TO DO: Please, in the data that follows, copy exactly the lines from the line with "商务日语900句(含光盘1张)" through the last one, both included. Do not include pictures.

SUPPLIED DATA:
■ ■ ■ ■

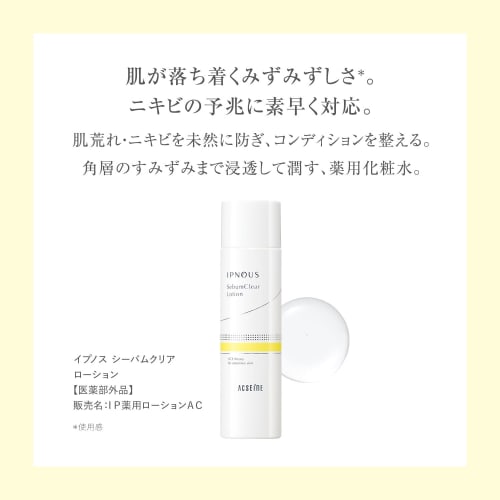 ACSEINE Hypnos Sea Bum Clear Lotion (Medicated Lotion) 150ml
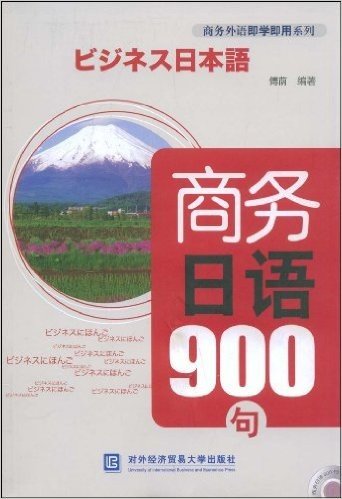 商务日语900句(含光盘1张)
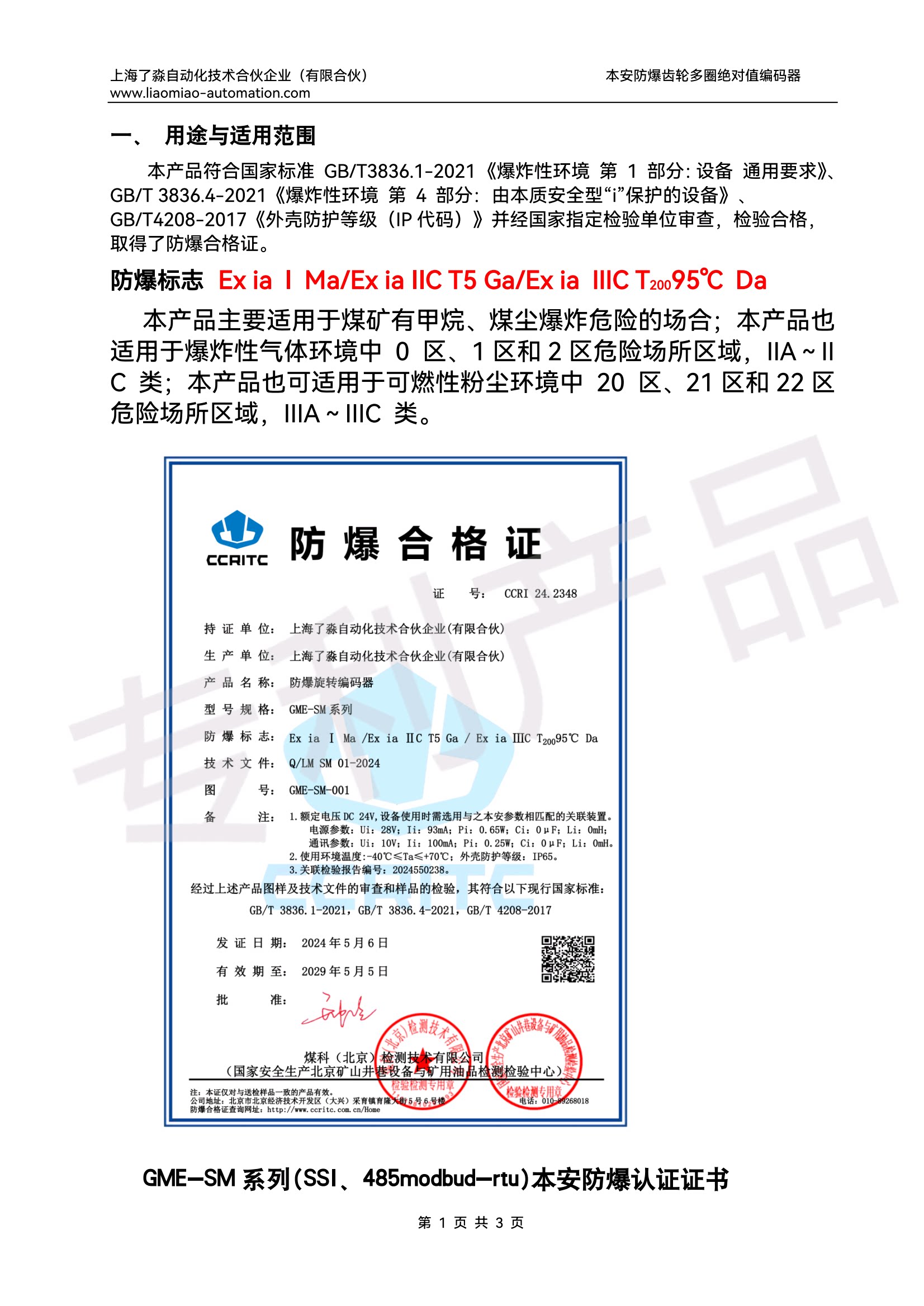 本安防爆多圈绝对值编码器 GME-SM系列(图3) 本安防爆多圈绝对值编码器 GME-SM系列(图3)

■ ■ ■ ■

SOLUTION FOR THIS TASK:
 商务日语900句(含光盘1张)
 本安防爆多圈绝对值编码器 GME-SM系列(图3) 本安防爆多圈绝对值编码器 GME-SM系列(图3)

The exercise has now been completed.